Dobre wieści z USA. Wczoraj opublikowano raport o zadłużeniu konsumpcyjnym Amerykanów. Przyzwyczailiśmy się już do tego, że wielkość tego zadłużenia systematycznie spadała, za co odpowiadały, wbrew obiegowej opinii o zaradności i samokontroli Amerykanów, problemy ze spłatą części zadłużenia na kartach, co skutkowało rozwiązywaniem umów i przenoszeniem zadłużenia do puli niespłacanych. Zmniejszało to wprawdzie statystykę zadłużenia, choć faktycznie dług nie znikał. W ostatnim kwartale 2010 roku coś zaczęło się zmieniać. Przez kolejne trzy miesiące z końca roku 2010 wielkość zadłużenia konsumpcyjnego nie spadała, a rosła. Co ciekawe, w grudniu po raz pierwszy od 27 miesięcy wzrosła wartość zadłużenia odnawialnego. Stały pewnie za tym zakupy świąteczne, ale nie tylko.

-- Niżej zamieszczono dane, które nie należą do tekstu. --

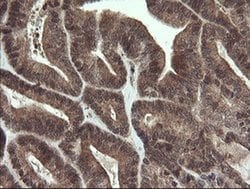LEPRE1 Monoclonal Antibody (OTI1H3), TrueMAB , OriGene 100 &mu;L; Unconjugated:Antibodies,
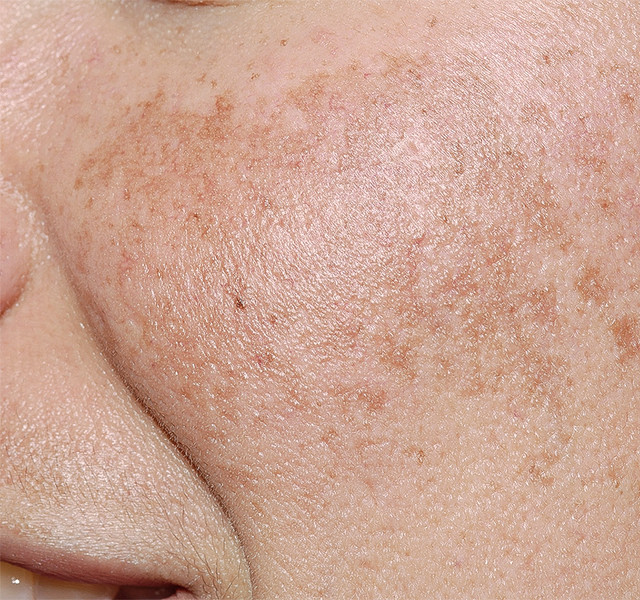 Freckles and <br>elasticity care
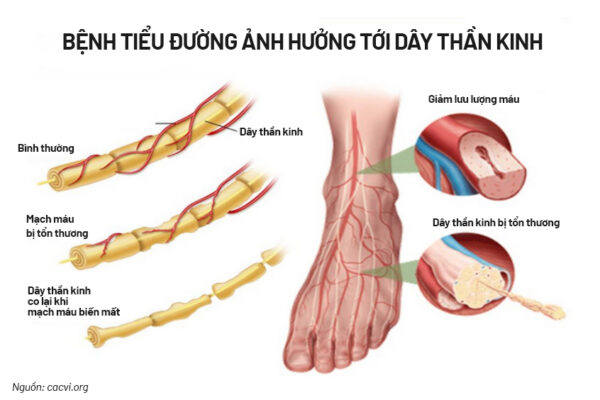 bệnh thần kinh tiểu đường ở chân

Ostatni kwartał roku był także wyjątkowy, gdyż dało się w jego trakcie zauważyć wyraźną poprawę aktywności gospodarczej w sektorze małych i średnich przedsiębiorstw. O ile średnie korzystają w finansowaniu swojej działalności z przeznaczonych dla nich produktów bankowych, to małe przedsiębiorstwa i osoby prowadzące działalność gospodarczą do sfinansowania początkowej fazy działalności wykorzystują często właśnie kredyty konsumpcyjne i karty kredytowe. Zatem może nie tylko konsumpcja stała za grudniowym wzrostem, choć zapewne był to czynnik dominujący. Jak dominujący przekonamy się już wkrótce przy kolejnych publikacjach tych danych. Prognozuje się, że dane w kolejnych miesiącach będą już ponownie sygnalizowały spadek zadłużenia, ale jeśli będzie on niewielki, to będzie można przyjąć, że maluchy inwestują.
Czy to jest wystarczający impuls do tego, by znacząco podnieść ceny na naszym rynku? Wątpię. Inna sprawa, że nie można w nieskończoność ignorować faktu zwyżek cen na Zachodzie. W tej chwili przekłada się to jedynie na trend boczny, ale jeśli tam nadal będą pojawiały się rekordy, to i u nas zapewne dojdzie przynajmniej do zbliżenia się do okolic rekordów. Nie daje bykom zbyt wielu szans na spektakularny wzrost cen, ale rynek ma gdzieś, komu daję, a komu nie daję szansy. Przy trendzie bocznym spokojnie czekamy sobie na wybicie. Przy braku publikacji danych makro, będzie to pewnie baaardzo spokojne oczekiwanie.